Шрифт:
Интервал:
Закладка:
Художники и поэты-романтики вовсю славили руины аббатства. Остается только пожалеть, что до нашего времени сохранилось так мало, поскольку церковь в Шаалисе принадлежит к первым готическим сооружениям цистерцианцев. Размеры ее были весьма впечатляющие — 81х27 метров, а оба крыла мощного трансепта заканчивались пятью лучеобразными капеллами. Сохранились стебли колонн с чистыми, как музыкальные знаки, капителями. Аббатство подобно покинутому гнезду под высоким сводом небес. Мощно напряженные арки, контрфорсы, пилястры, освобожденные от давления камня, отражают натиск бесконечности.
Слева от руин дворец XVIII века, построенный Жаном Обером, тем самым, который строил Большие конюшни в Шантийи. А в нем коллекция, носящая имя Жакмара-Андре. Этому много сделавшему для искусства семейству в Париже принадлежали еще одна коллекция и особняк на бульваре Османна (ныне прекрасный музей). Один художник, находящийся в родстве с аристократией, рассказывал мне, как во времена, когда нынешний музей еще был частным особняком, он присутствовал на обеде, во время которого хозяйка дома язвительно выговаривала мужу за то, что тот упрямо держит в столовой «этого ужасного Тициана».
Коллекции в Шаалисе далеко до парижской, это типичный bric à brae, то есть лавка старьевщика, очаровательная, но немножко раздражающая. Античные бюсты XVIII века, тяжелые, как кухонные запахи, натюрморты голландцев, вазы, барометры, ширма с обезьянками, самовары, копия мраморного трона Великого Могола{254} и Джотто. Джотто этот не понравился мне с первого взгляда. Два сухих, традиционных панно, тусклые цвета. Я поделился своими сомнениями с одним из музейных сторожей в темно-синем мундире с серебряными пуговицами. Он стоял у стены, ведя, как это свойственно лицам его профессии, таинственное существование полувещи-получеловека. Медленно-медленно подняв змеиные веки, он выслушал мои соображения, после чего прошипел, что в музее Жакмар-Андре нет подделок. Не было, нет и не будет. Я оставил его в покое у стены. Когда он окончательно иссохнет, его заменят алебардой или стулом.

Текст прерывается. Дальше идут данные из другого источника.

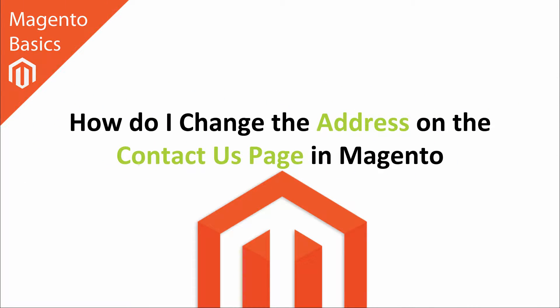Hi, I'm Matt and I'm Dave, and in this Magento Basics tutorial you're going to learn how you can change the address on the contact us page in Magento.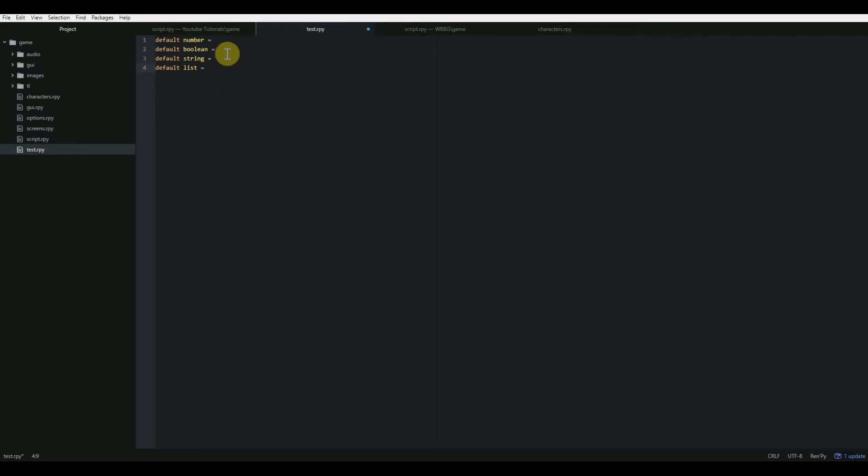The next one is a string variable, and a string is just a string of characters, such as a word. It can also be a number, but the number is handled as text, so you can't add or subtract to it. You can't do any kind of math with it. Like number 24 is not really the number 24, it's the characters 2 and 4 next to each other.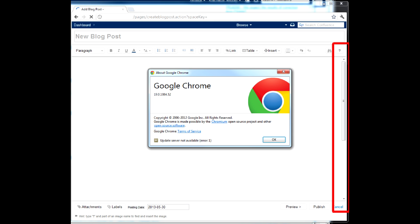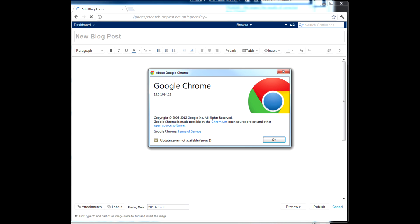So you may either upgrade to Confluence 5 with all the latest updates, or wait for a new Chrome build to fix it. Or better yet, don't use either of the software.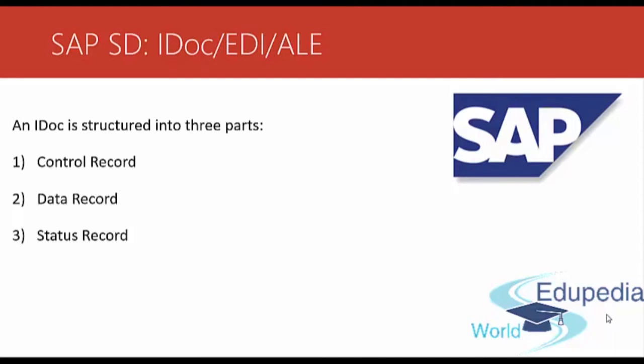Next part is data record. There can be several data records structured logically. They contain the transaction information such as sold to party, material, quantity, price and so on.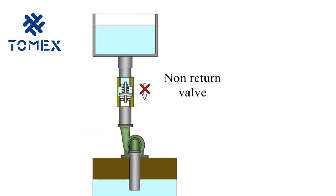If you turn off the pump, the check valve prevents the fluid from flowing out of the tank.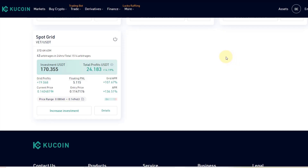Hello and welcome to another update video. In this video I want to show you how you can create and set up a trading bot on KuCoin. There are various different trading bots available on different platforms, and maybe some are better than the ones on KuCoin. The advantage is I don't need to pay for any monthly subscription, and I'm using KuCoin anyway.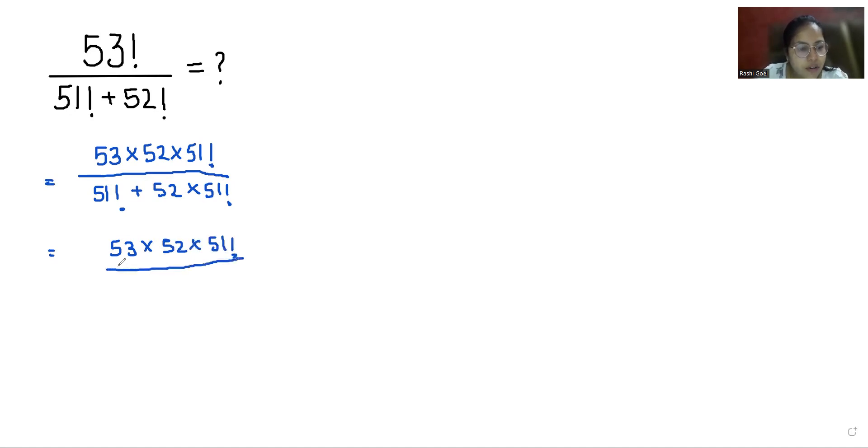I can take 51! common from the denominator, so what's left is 1 + 52.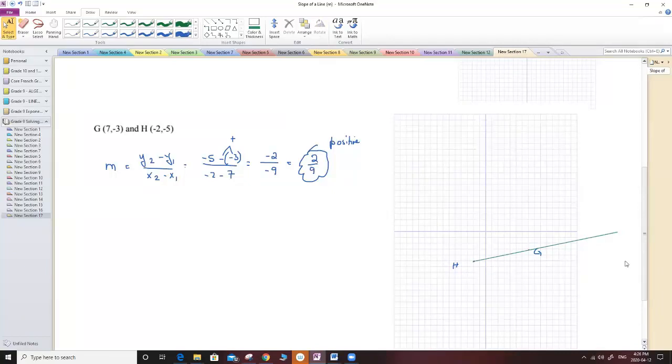I hope you understood the meaning of slope, the formula for slope, and how to determine the sign of the slope — whether it is positive or negative. Thank you for listening.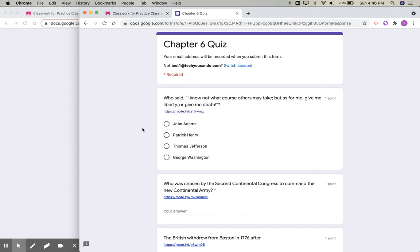Now, this may not be the only way or the only possible way that you could use Moat with Forms, but it is one way, and I think it's a really good one. So I hope this has inspired you and is truly a Tech You Can Do tip that you'll use in your classroom.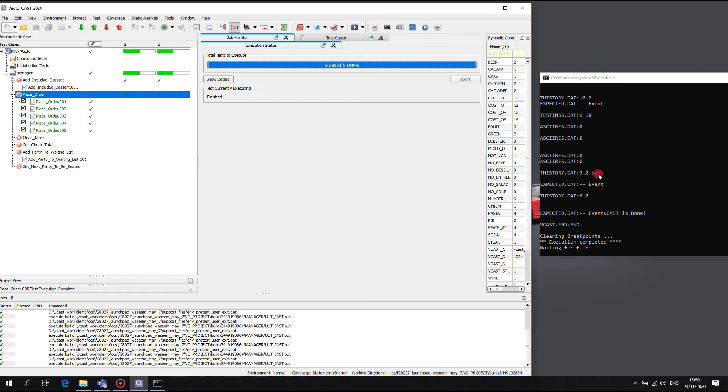In conclusion, we have taken advantage of the VectorCast data-driven test harness to reduce target flashing requirements and greatly speed up test case execution. Thank you for your attention.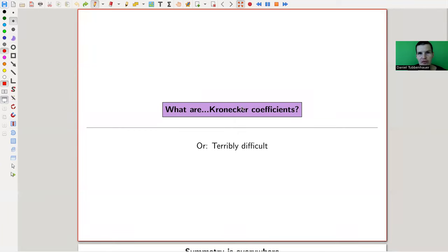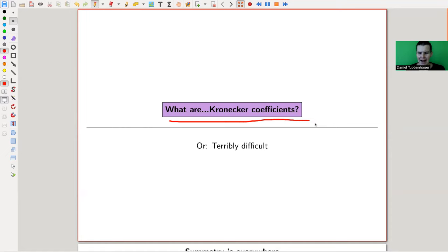Welcome everyone to my continuation of 'What are my favorite theorems' — my very biased collection as usual. Today, not really a theorem, well, actually there will be a theorem, but it will be a bit hidden. More like what I want to explain is a problem: to compute the so-called Kronecker coefficients. It's one of my favorite problems of all time, and I think about it from time to time. It's a very difficult problem — I don't expect anyone has a solution anytime soon.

На втором этаже в двух маленьких комнатках экспонаты, напоминающие о Жане Жаке Руссо. Несколько портретов, писанных явно не с натуры, на одном из которых изображен юноша, спящий на скамейке в парке (J. J. sans argent, sans asile, a Lyon et pourtant sans souci surl’avenir passe souvent la nuit a la belle étoile[100] — поясняет комментарий). В стеклянной витрине воротничок — не слишком чистый, что отрицательно характеризует спутницу жизни философа{255}, которую и без того терпеть не могут его биографы. Имеются также шляпа, перо и кресло, в котором автор «Исповеди» испустил последний вздох. Кресло, так сказать, гипотетическое, но до сих пор не найдено контркресло, и посему выставленный предмет мебели совершенно законно пользуется славой. На стене гравюра, представляющая последние минуты Жана Жака. Иллюстратор поместил на ней также и последние слова философа, в которых тот возглашает хвалу зелени, природе, солнечному свету и Богу, а также говорит о своей жажде вечного покоя. Ария длинная и неправдоподобная, как в опере.

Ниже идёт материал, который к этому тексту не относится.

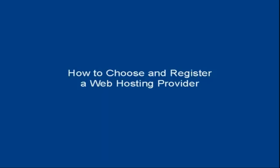In this video I'm going to talk you through how to choose and register a web hosting provider.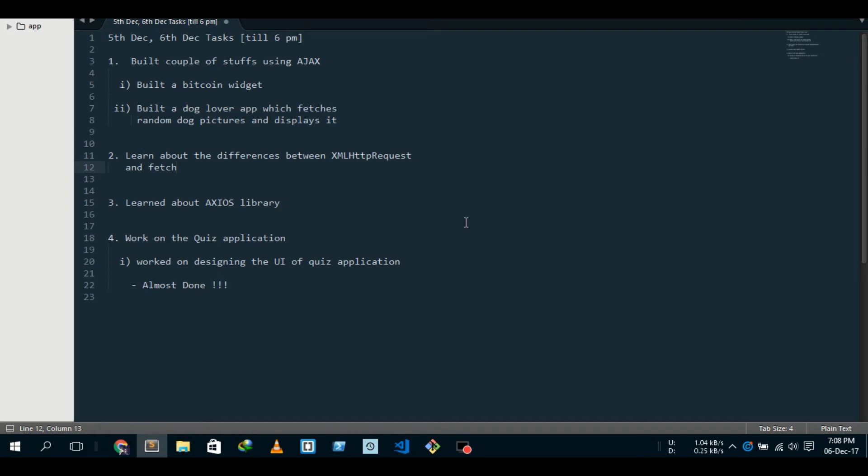And it does what jQuery does - it gives you a very good syntax to write and make Ajax requests. And it's made for only this, so it will not bloat your application and you will not be requiring all those unnecessary methods.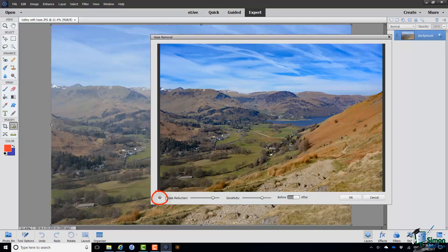There's a useful link through to the contextual help on haze removal. But that's it for this section, I'll see you in the next one.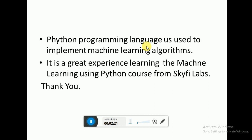The Python programming language is used to implement the machine learning algorithms. It has been a great experience learning the Machine Learning using Python course from SkyFi Labs. Thank you.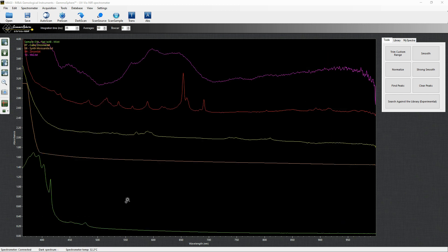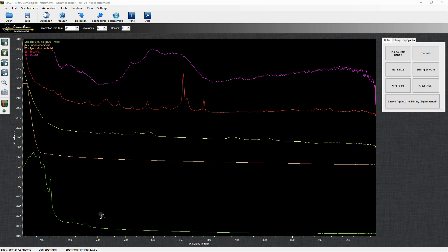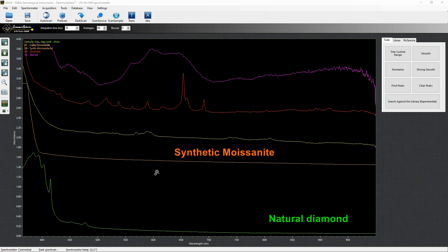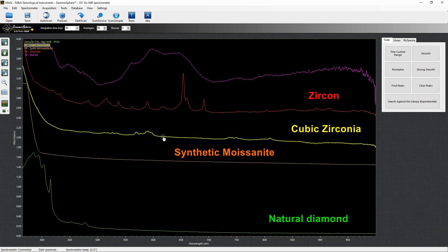The Gemosphere software allows to visualize up to 50 spectra at the same time. Here you can see the spectra of a natural diamond and some of its simulants like synthetic moissanite, cubic zirconia, zircon, and yag.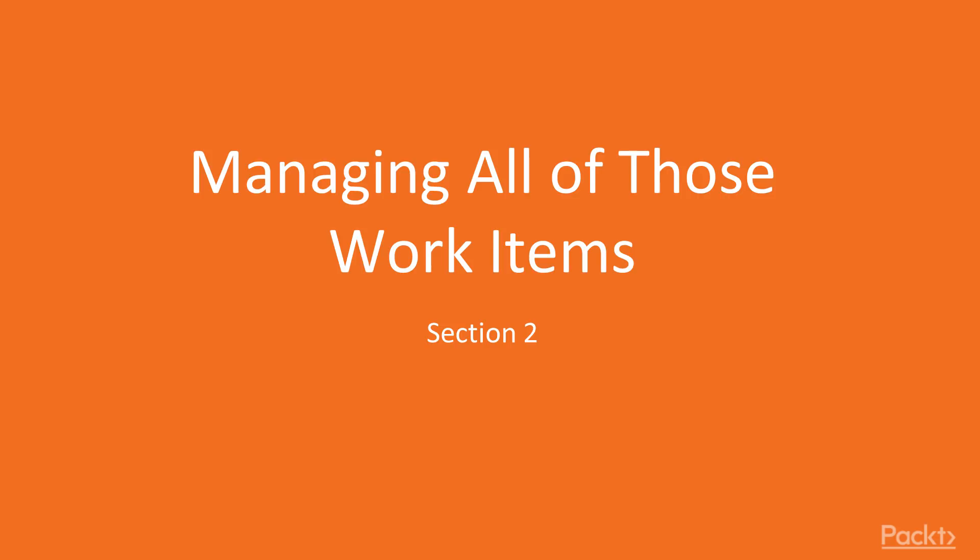Hi everyone, and welcome back to creating and running an Agile project in Jira. We already went through section one, where we talked about what Jira is, how to get started with it and create a project.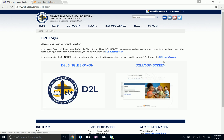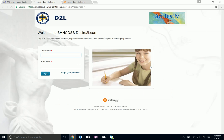The D2L login screen is what you'll probably use from home and get more success that way. When you click on D2L login screen, it takes you to that login screen and this is where you input your username and password that was given to you by our system.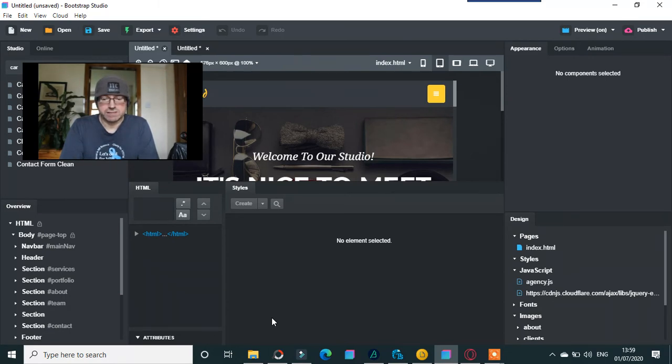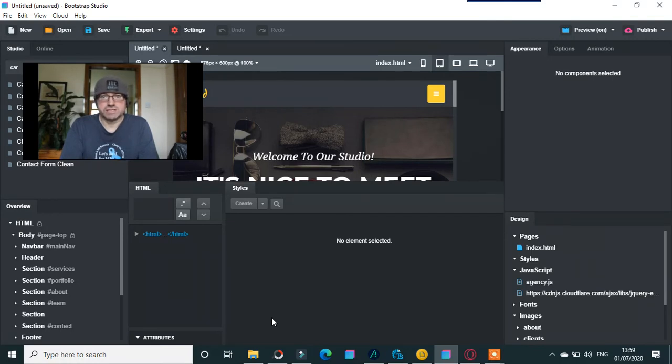I'll never change my stance on Photoshop to HTML. Many people want to do that, but it's a silly idea. Anyway, so yeah, thanks for watching all these videos.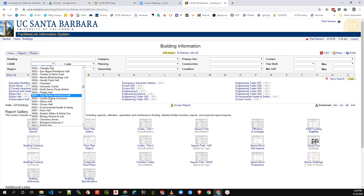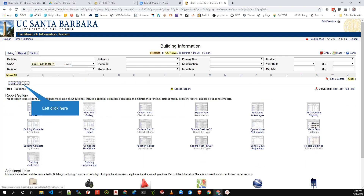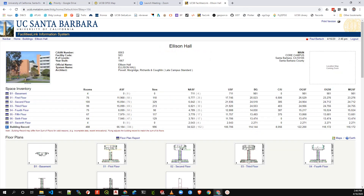Today we're looking for Ellison Hall. Click 563 Ellison Hall, then click the hyperlink for Ellison Hall. Here you're greeted with the square footage broken down into multiple types, per floor. The number we're after is ASF — assignable square footage — for the entire building, shown on the bottom row: 66,184 square feet.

Природные достопримечательности находятся неподалеку от дворца и носят романтически гиперболизированные названия Море песка и Пустыня. У моря диаметр чуть меньше километра. Выглядит оно так, словно в лес упал метеорит и выжег землю. Лес красивый, густой, березово-дубовый и буковый, то есть снизу медноцветный. Он представляет собой дикую часть эрменонвильского парка. Через лес проходит асфальтовое шоссе. По нему беспрерывно проносятся автомобили. Я единственный пешеход. Несколько машин снижают скорость — водители внимательно приглядываются ко мне.
Эрменонвиль
До той поры французская литература была равнодушна к зелени, и только Руссо предстояло открыть ее. С этой точки зрения о нем можно сказать так: Руссо первый ввел зелень в нашу литературу.
Сент-Бев{256}Она искала в траве душистую землянику, а я тем временем рассказывал ей о «Новой Элоизе» и читал отрывки из нее.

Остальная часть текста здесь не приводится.